Obbligatorio cancellare da internet contenuti illeciti

Il pubblico ministero potrà conservare i dati di traffico fino a 24 mesi. I provider su Internet saranno obbligati a oscurare i contenuti illeciti legati ai reati di terrorismo, pubblicati dagli utenti. L’uso del Web e di strumenti informatici per perpetrare reati di terrorismo (arruolamento di foreign fighters, propaganda, ecc.) diventa un’aggravante che comporta l’obbligo di arresto in flagranza.

Rinviato l’esame del provvedimento

Slitta a giovedì mattina l’esame del decreto antiterrorismo in Aula a Montecitorio. La sospensione di due ore e mezzo accordata nel pomeriggio di mercoledì in attesa di un parere della Bilancio non è servita a sbloccare la situazione: alla ripresa dei lavori, alle 18.30, il presidente della Bilancio della Camera, Francesco Boccia ha informato l’assemblea che manca ancora il parere governo perché la commissione possa dare il suo via libera al decreto: i dubbi riguardano le coperture di alcuni emendamenti. I gruppi, quindi, hanno chiesto di rinviare di 24 ore l’esame. La presidente di turno, Marina Sereni, ha così aggiornato la seduta alle 9 di giovedì.

Il rischio «invasione del domicilio informatico»

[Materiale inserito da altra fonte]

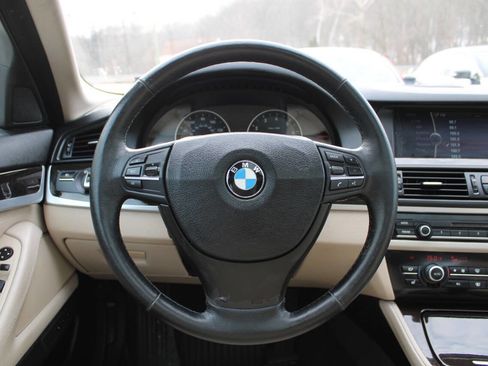 Used 2011 BMW 535i xDrive Sedan image 38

Intanto però in rete è scoppiata la polemica sulle nuove norme. Nel mirino il comma 1 dell’articolo 266 bis del decreto, che consente «l’intercettazione del flusso di comunicazioni anche attraverso l’impiego di strumenti o programmi informatici per l’acquisizione da remoto delle comunicazioni e dei dati presenti in un sistema informatico». Secondo Stefano Quintarelli (deputato di Scelta civica e uno dei «padri» di Internet in Italia), con questo emendamento l’Italia diventa il primo Paese europeo che rende legale la «remote computer searches»: «Il fatto grave è che non lo fa in relazione a specifici reati di matrice terroristica ma per tutti i reati commessi mediante l’impiego di tecnologie informatiche o telematiche». Il rischio? Che sia «consentito violare da remoto in modo occulto il domicilio informatico dei cittadini», ma al di fuori «delle regole e dei limiti dettati per ognuna di esse dal Codice di procedura penale», consentendo quindi ai «captatori informatici» di compiere «una delle operazioni più invasive che lo Stato possa fare nei confronti dei cittadini».

I dubbi del Garante

A destare invece i dubbi del garante della privacy, Antonello Soro, espressi martedì prima della loro approvazione da parte delle Commissioni, sono le norme che autorizzano la polizia a effettuare le intercettazioni preventive dei sospettati sulle reti informatiche, utilizzando programmi per acquisire «da remoto» le comunicazioni su social, come «whatssup» o altre piattaforme. L’altra misura oggetto delle perplessità di Soro è quella che porta a 2 anni il termine di conservazione dei dati di traffico telematico e delle chiamate senza risposta (oggi rispettivamente di un anno e di un mese).